The climax came in 1892 when an expedition led by a
Senegalese mulatto, Colonel Alfred Amédée Dodds,
marched from Ouidah to Abomey with four thousand soldiers.
Following a series of battles in September and October, including
several that pitted Legionnaires against Abomey's Amazons. the
French reached the capital on November 17. King Behanzin had
already fled, so the French amused themselves by collecting
souvenirs including a white parasol decorated with human jawbones
that received a great deal of attention from the press. Behanzin
remained on the run until January 1894 when he was captured and
exiled to Martinique.
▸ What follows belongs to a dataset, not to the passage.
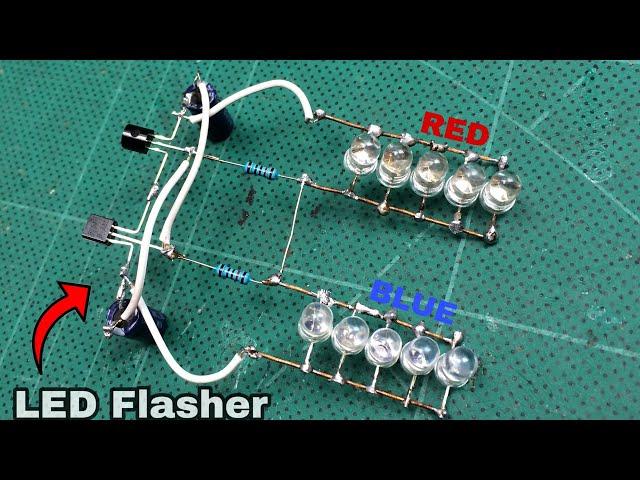 High Quality LED Flasher Using BC547 NPN Transistor | LED Flasher | Javier's DIY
The French finished the campaign with 81
dead, 436 wounded and about 2,000 other casualties due to
illness.
The 1892 French campaign in Dahomey affected European
attitudes about Africa. It seemed to confirm that even a
prosperous and well-organized state like Dahomey depended on
practices--human sacrifice, women soldiers--that scandalized
Victorian Europe. When the British launched the Third Anglo-Ashanti War in 1894, they
received help from newspaper correspondents who wrote
unconfirmable accounts of African cruelty and barbaric acts.
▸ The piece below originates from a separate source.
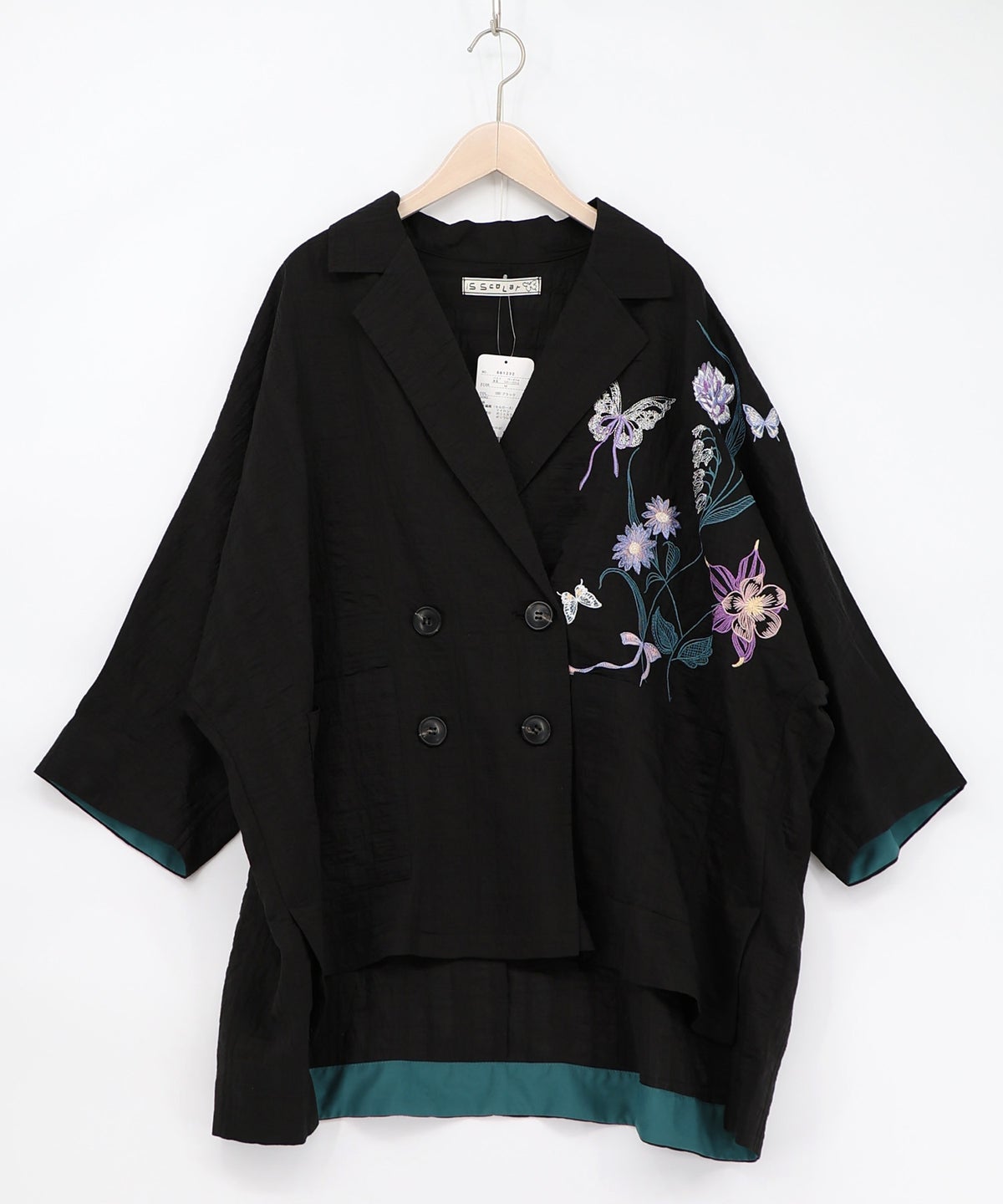 シアージャガード花蝶刺繍配色ジャケット-9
Since the only Europeans in a position to verify such reports
were soldiers, the public never heard anyone defend African
culture.
Scholars debate the motivations that led to the Scramble for
Africa and conclude that the French acted for different reasons
than the British. The British motivation seems fairly clear--
first to safeguard their passage to India and secondly to profit
from economic opportunities. French expansion, which led to the
annexation of huge areas of unprofitable desert and jungle, was
motivated by a more complex mixture of interests that included
deliberate efforts on the part of soldiers, merchants, geographic
societies and groups like the Comité de l'Afrique
Française and Union coloniale française to
promote the idea of empire.
Supporters of French expansion proposed both practical and
idealistic goals. Practically speaking, French imperialists
hoped to enhance the French economy to help pay the Prussian
indemnity and to recover from the Great Depression of the 1870s.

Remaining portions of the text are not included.